BEGIN

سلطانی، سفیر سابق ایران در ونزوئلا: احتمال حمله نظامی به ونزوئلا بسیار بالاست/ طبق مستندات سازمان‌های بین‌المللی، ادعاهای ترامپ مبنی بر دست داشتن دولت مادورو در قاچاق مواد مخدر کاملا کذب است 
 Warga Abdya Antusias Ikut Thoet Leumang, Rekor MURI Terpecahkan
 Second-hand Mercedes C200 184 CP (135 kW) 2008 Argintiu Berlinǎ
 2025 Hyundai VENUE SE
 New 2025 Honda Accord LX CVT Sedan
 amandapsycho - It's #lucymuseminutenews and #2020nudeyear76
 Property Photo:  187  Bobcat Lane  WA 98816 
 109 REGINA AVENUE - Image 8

END

▶ _Exercise objective_: The expected answer is the lines from the one containing "Second-hand Mercedes C200" through the end of the material, reproduced exactly with both ends kept.

▶ _Solution to the exercise_:
 Second-hand Mercedes C200 184 CP (135 kW) 2008 Argintiu Berlinǎ
 2025 Hyundai VENUE SE
 New 2025 Honda Accord LX CVT Sedan
 amandapsycho - It's #lucymuseminutenews and #2020nudeyear76
 Property Photo:  187  Bobcat Lane  WA 98816 
 109 REGINA AVENUE - Image 8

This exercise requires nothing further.